We were catching a flight to Houston in the morning and went to bed early that night. I slept beside my Wela on a bed of blankets and pillows on the living room floor. It was around 9:30 p.m. and everyone was asleep in the house except for my mother, who was finally drifting off to sleep until she heard a woman singing outside, “la la la laaa…la la la laaa….la la la laaa”, like something out of a Nightmare on Elm Street movie. She looked outside and didn’t see anyone, so she ignored it as she had to get an early start in the morning.

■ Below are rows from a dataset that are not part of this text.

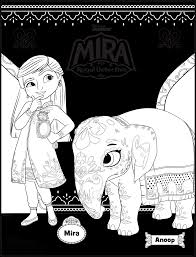 Keep your kids busy doing something fun and creative by printing out free coloring pages. Enjoy These Three Mira Royal Detective Coloring Sheets Disney News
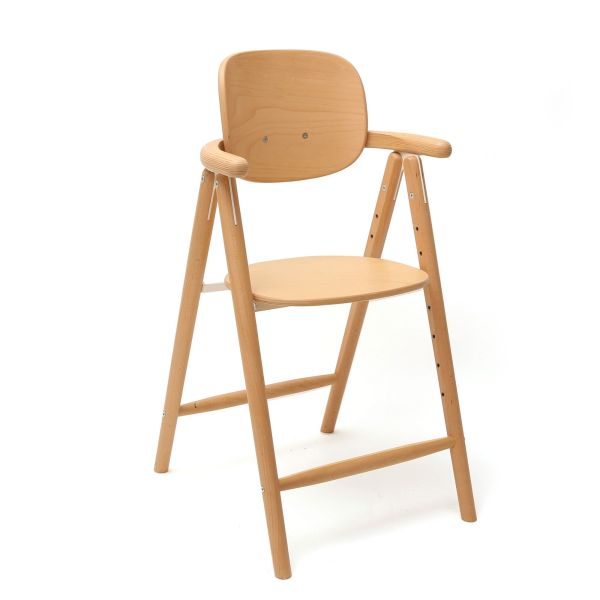 Pack Chaise haute Tobo et son Baby set Natural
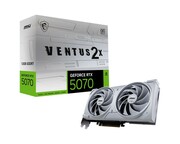 MSI Karta graficzna GeForce RTX 5070 12G VENTUS 2X OC WHITE GDDR7 192bit KGMSIN507488003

In the middle of the night my mother was awakened by a growling noise and thought to herself, “What now?” She went to the long, dark hallway and turned on the light. The light shone into the living room only slightly. My mother noticed that the growling noise was coming from my Wela who was levitating in mid-air like nothing she had ever seen before or since. It looked as though something was pulling her up by her chest. My mother ran into the living room and frantically yelled “Amá!” and turned on the light, just then Wela fell to the floor. She sat up and asked in a state of confusion, “Que esta pasando?” She had no recollection of what had just happened to her.
My mother looked out the front window, she saw a shadow of what appeared to be a woman near the trash cans, by the dirt road in front of the house. Not knowing what to do, they began to hold hands and pray. Feeling unsafe and horrified at the events that were taking place, my mother called her boyfriend who was only walking distance away, but did not give him an explanation as to what was happening. As my mother’s boyfriend walked into the house he told her, “How did you get inside so fast and why didn’t you wait for me?” My mother was puzzled and asked him, “What do you mean?” He replied, “I just saw you out by the trash cans in the road.” Neither my mother or Wela had been outside. He saw the same figure in the darkness that my mother did when she peered out the window.
My Wela was fed up with being tormented by La Lechuza and whatever brujería that was being done to her. One day while watching Walter Mercado on Primer Impacto, he said to drive away La Lechuza and evil occurences that one would need to put out a lit cigarette in the middle of a glass of wine.
Walter Mercado was right, when was he ever wrong? It seemed to have worked because she never saw La Lechuza again after taking Walter’s advice. Wela continued dating Jose for a few more months afterwards, but of course they kept the lights on when they slept, just to be on the safe side.